Pour résumer, maintenir la diversité génétique dans les stocks d’élevage est un enjeu très

important pour les futures stratégies de reproduction, pour les futurs programmes de sélection

et l’adaptation des animaux aux différents systèmes d’élevage et changements environnementaux. D’ailleurs, pour certaines espèces de poisson et dans certaines structures

d’élevage, des poissons sauvages sont toujours ajoutés malgré une maîtrise totale du cycle de

vie et la mise en place de programmes de sélection. Le bar, une espèce produite surtout dans les pays du bassin méditerranéen, est le meilleur exemple pour l’illustrer (Vandeputte et al.,

2009). En Méditerranée, les populations de bar sauvages sont structurées en trois

métapopulations: celles de l’Atlantique et de la mer d’Alboran, de la Méditerranée de l’Ouest et de la Méditerranée de l’Est (Quéré et al., 2012). En aquaculture, comme pour les autres

espèces marines, les stocks de géniteurs sont établis à partir d’individus sauvages capturés. Dans certains cas, ces stocks sont fondés à partir de la population locale et dans d’autres des œufs sont importés depuis d’autres régions et d’autres fermes.
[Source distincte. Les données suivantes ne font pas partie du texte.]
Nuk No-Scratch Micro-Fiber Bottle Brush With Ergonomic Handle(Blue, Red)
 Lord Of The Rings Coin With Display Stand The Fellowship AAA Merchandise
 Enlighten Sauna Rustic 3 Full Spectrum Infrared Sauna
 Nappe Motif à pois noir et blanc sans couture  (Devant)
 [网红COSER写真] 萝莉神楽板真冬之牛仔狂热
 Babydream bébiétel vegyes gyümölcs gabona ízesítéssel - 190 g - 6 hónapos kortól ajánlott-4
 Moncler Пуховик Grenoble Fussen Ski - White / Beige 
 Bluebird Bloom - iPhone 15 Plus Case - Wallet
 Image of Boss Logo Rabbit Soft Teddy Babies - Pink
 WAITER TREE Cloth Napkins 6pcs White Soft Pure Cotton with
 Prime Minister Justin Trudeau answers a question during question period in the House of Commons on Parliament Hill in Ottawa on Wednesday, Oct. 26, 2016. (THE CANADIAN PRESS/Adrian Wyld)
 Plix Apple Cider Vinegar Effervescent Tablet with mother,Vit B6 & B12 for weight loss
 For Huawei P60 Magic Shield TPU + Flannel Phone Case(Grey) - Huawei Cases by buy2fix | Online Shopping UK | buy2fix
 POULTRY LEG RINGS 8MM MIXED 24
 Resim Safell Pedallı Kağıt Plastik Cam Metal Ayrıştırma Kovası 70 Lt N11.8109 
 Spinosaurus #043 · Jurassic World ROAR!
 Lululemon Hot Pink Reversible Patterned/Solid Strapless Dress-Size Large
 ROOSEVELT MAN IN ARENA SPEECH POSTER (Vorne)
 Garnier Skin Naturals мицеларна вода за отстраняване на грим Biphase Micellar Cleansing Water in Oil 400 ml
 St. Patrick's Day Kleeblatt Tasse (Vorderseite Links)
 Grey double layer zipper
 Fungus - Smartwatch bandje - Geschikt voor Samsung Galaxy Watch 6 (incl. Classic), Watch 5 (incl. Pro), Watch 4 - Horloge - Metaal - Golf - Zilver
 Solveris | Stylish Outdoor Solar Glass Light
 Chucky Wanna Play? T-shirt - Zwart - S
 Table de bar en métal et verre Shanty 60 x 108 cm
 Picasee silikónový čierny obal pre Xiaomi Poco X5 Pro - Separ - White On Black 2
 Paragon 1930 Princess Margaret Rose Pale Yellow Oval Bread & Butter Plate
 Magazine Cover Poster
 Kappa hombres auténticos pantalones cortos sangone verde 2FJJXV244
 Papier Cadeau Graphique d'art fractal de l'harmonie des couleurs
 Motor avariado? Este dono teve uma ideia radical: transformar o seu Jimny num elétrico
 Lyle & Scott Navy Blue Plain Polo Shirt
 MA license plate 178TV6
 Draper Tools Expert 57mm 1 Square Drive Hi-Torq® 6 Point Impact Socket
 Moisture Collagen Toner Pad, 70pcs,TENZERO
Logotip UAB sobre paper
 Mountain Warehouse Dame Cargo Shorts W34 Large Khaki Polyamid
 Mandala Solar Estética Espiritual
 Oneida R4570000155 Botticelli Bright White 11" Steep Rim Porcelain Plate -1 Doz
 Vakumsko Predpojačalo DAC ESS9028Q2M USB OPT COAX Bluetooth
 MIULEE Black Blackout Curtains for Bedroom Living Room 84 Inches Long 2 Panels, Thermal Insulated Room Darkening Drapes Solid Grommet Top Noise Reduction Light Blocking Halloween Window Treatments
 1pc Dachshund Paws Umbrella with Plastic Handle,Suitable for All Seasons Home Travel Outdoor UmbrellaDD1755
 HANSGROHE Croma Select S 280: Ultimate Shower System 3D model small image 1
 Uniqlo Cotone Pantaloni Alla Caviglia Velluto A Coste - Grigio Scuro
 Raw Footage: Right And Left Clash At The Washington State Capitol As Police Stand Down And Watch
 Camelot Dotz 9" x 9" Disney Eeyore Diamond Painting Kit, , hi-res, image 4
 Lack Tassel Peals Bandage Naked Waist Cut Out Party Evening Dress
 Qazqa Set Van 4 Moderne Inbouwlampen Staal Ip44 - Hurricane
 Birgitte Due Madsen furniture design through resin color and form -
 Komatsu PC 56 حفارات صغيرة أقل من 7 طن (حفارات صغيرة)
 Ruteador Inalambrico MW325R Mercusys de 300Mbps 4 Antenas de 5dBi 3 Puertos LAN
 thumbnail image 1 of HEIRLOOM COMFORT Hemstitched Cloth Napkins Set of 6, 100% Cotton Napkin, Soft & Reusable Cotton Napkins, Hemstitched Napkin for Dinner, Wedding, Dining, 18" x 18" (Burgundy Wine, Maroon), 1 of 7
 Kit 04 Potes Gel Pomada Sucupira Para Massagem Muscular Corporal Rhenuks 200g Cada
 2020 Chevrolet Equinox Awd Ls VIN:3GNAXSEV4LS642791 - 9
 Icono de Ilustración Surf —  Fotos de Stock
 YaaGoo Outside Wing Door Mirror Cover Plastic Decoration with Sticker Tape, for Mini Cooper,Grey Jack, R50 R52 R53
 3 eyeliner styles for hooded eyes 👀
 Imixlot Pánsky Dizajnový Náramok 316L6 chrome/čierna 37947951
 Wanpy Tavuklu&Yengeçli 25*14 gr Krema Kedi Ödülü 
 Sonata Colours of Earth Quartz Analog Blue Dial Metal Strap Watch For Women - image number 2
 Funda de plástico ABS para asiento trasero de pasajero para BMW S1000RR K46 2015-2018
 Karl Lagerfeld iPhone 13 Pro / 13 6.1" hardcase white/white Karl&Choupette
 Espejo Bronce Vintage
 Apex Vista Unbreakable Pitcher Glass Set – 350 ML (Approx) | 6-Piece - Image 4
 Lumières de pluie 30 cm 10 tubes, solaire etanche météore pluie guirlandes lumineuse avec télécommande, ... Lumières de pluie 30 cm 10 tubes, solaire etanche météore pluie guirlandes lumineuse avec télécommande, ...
Aucune information publiée n’est disponible à ce sujet, mais selon les pratiques et les informations communiquées (par les

aquaculteurs et les chercheurs), il est certain que certaines fermes ont des stocks composés de

populations sauvages différentes (Vandeputte, 2012). Aujourd’hui encore, l’ajout d’individus sauvages de différentes origines et l’importation de larves ou de juvéniles depuis d’autres écloseries sont toujours pratiqués, malgré l’intérêt de développer des programmes de sélection

(Youngson et al., 2001). Par conséquent, les stocks d’élevage de bar divergent fortement des populations sauvages situées à proximité des fermes d’élevage et présentent une variabilité

génétique plus élevée dans certains cas (communication personnelle de Pierrick Haffray, 2014).